Onderweg naar het internetcafe houd ik even halt voor een sanitaire stop bij
het Vat. Als ik opgelucht het toilet verlaat zie ik een man op het terras zitten
die ik al in het vliegtuig had gezien en van wie ik zeker wist dat ik hem kende.
Nu trek ik toch de stoute schoenen aan en vraag hem waar ik hem van zou kunnen
kennen. Als we ons aan elkaar voorstellen weten we het in een keer. Hij is Piet
van Hest, oud-directeur van het theater in Maastricht. Met elkaar - en nog heel
veel anderen - hebben we het grote feest op 31 december 2001 ter introductie van
de euro georganiseerd. Hij houdt hier een beetje vakantie. Later voegt zich bij
ons Erik Veldhoen, die hier al weer heel lang geleden enkele jaren heeft
gewerkt.

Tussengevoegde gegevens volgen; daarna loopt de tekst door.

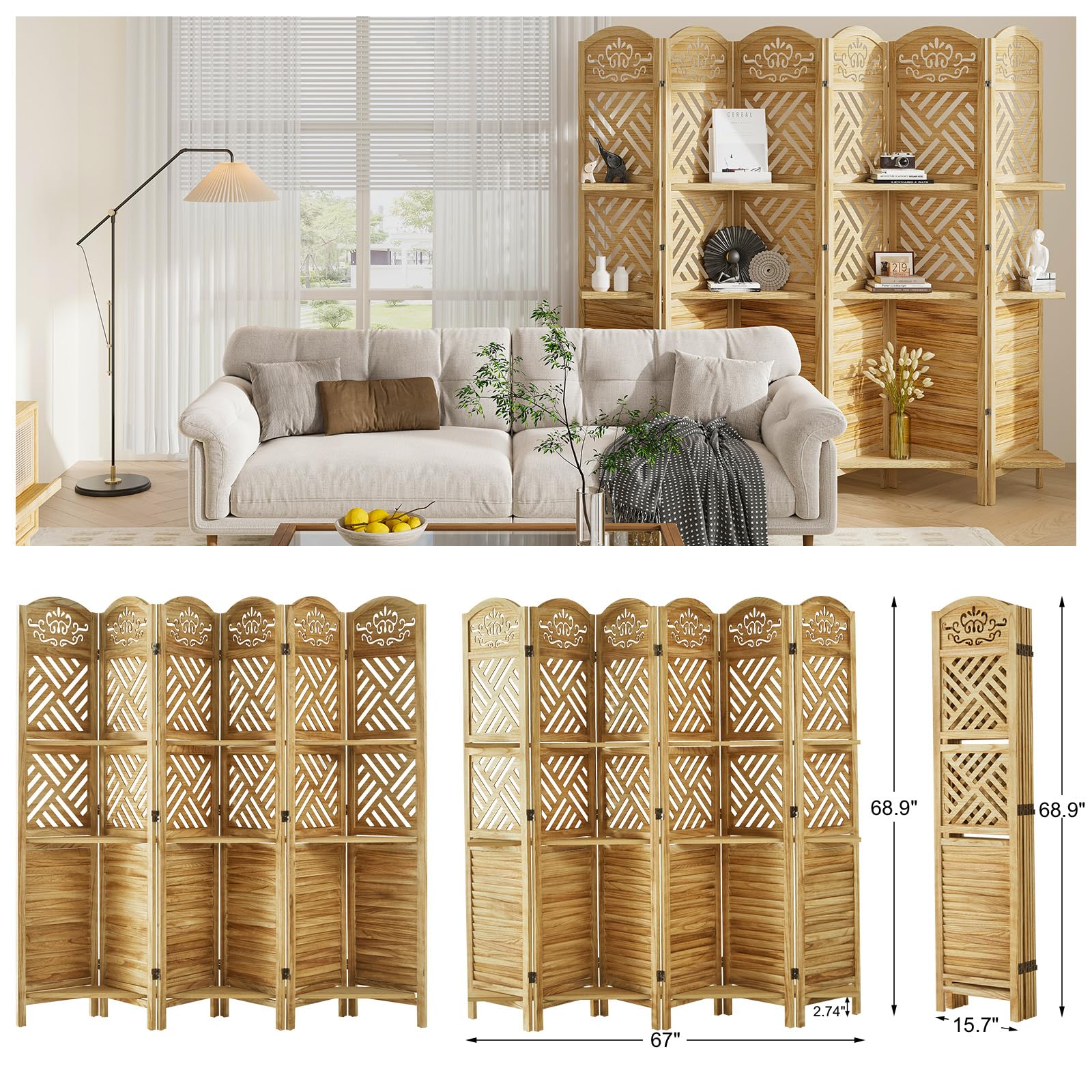 Room Divider with Shelves, 5.75ft Tall Folding Wood Carved Screen with Double Hinges for Home Office Bedroom Hotel Decoration (6 Panels, Natural)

Die vertelt weer over zijn kennis Rob Goedhart, die door de bisschop is
gevraagd om het vastgoed te beheren en te ontwikkelen. Als ik nu woensdagochtend
de kathedraal in mag, dan weet u hoe dat komt. Dan moet ik Van Hest ook nog even
vragen of hij familie is van de architect Carel van Hest, die de verbouwing van
het Nola Hatterman Instituut heeft gedaan.
De dag is nog lang niet ten einde. Maar mijn ruimte om aan dit weblog te
werken wel. Straks komt Dikland zijn bedoelingen met de koffieloods van Peperpot
uiteenzetten. En daarna zijn we uitgenodigd door Erik Schilp voor het avondeten.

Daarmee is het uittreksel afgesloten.